And then from another letter the whole idea of conversion is jettisoned: “Only this month I have had with me a 22 year old student for his holidays. He comes to spend every holiday with me, and is like a son to me. It is marvelous to have such a deep and close relation with Hindus. But the further I go, the less I see how these real Hindus, despite their admiration for Christ, could ever enter into the framework of Christianity. I cannot see a single one of my friends, young or not so young, who could become a Christian. This sets a terrible theological problem, which begins to trouble our young theologians here. Living as I do more than anyone in both environments at the same time, I see less than anyone how to solve the problem.”

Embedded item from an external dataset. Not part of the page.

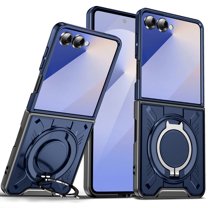 ELEHOLD Case for Samsung Galaxy Z Flip 7, Shockproof Magnetic Case with 360° Rotating Kickstand, Full Body Drop Protection Cover,Blue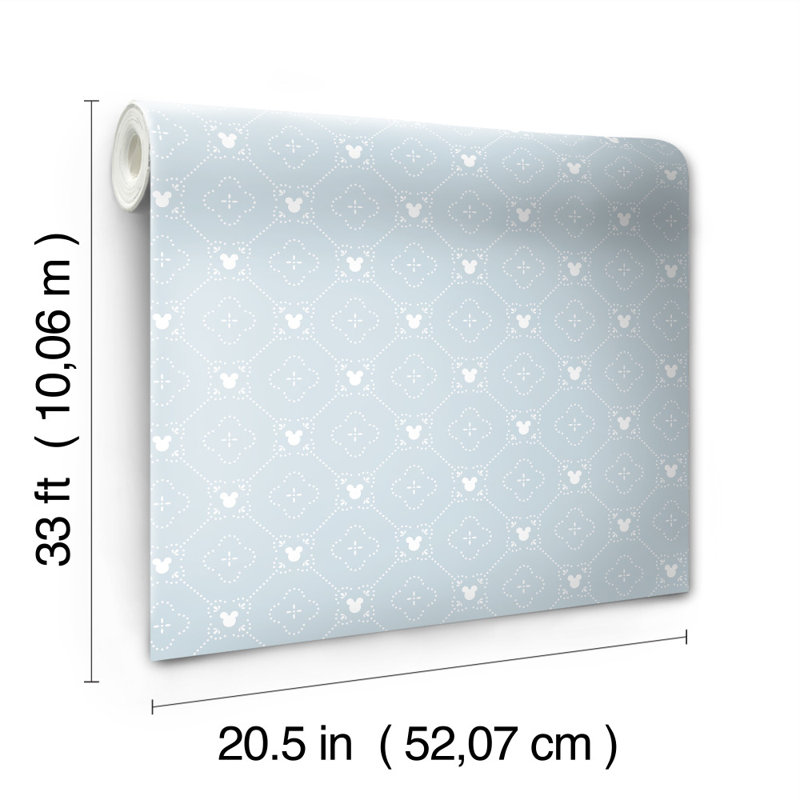 Rouleau de papier peint L 33 pi x l 20,5 po Argyle Disney Mickey Mouse, Bleu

And of course the still more gnarly problem of the relationship of Advaita to Christian mysticism is even more intractable to any conceptual/theological solution. These two do not admit of easy reconciliation/formulation. Toward the end of his life Abhishiktananda believed that no “theology of world religions” could ever be reconciled with Christian claims and at the same time do justice to what these other religions claim. Comparing the words and symbols and concepts of each religion, while a worthwhile endeavor in at least appreciating what others are claiming, will never lead to that ultimate “common ground.” That common ground is an ultimately transcendent reality beyond all words and symbols and it can only be “realized” as a transcendent reality and for this we have this innate capacity that is open to that which is beyond rational, discursive analysis—in the Hesychast tradition this is sometimes called “the heart.” (Abhishiktananda, for example, was critical of his dear friend, Sara Grant, who had made a valiant effort to show the similarity between Sankara and Aquinas following the guidance of her mentor, the great Jesuit Sanskrit scholar De Smet.) Of course the scholar/intellectual who is learned in the claims and symbols of another religious symbol and who is also at the same time a true and devoted spiritual seeker within his own tradition will be in an excellent position to begin to evaluate the words and symbols of his own tradition in the light of that other tradition.
Abhishiktananda’s “solution” is that, for example in the case of Hinduism and Christianity, followers of each way dive deep down within each tradition, within the words and symbols of each tradition, going “all the way” to the ground of their religious tradition and then they will be able to look each other in the face and recognize that “smile” which is truly beyond all words and symbols and doctrines—like the smile of the Buddha which so transfixed Thomas Merton on his trip to Asia. That means “the mystic” has priority over the theological/religious intellectual—but not the “monopoly” in religious encounters. And so of course the real “dialogue” will only take place between people of deep experience who are witnesses of the depth of their own tradition. (Of course Abhishiktananda would also say that at least for the Christian what he/she learns from his fellow Hindu will make this “journey” ever more “powerful”—freeing it perhaps from being absolutized in the Semitic-Greco terms of Christian tradition.) This does not please the theologians for the very dynamic of their profession is to analyze religious concepts. This does not please church officials for it seems to bypass their authority. This does not please the average church goer for it seems to complicate what he/she had learned in a fundamental catechism/evangelism class where the Mystery of God has the stuffings knocked out of it. So it does not please anyone! Except the true mystic who simply seeks the Mystery which dwells in his/her heart.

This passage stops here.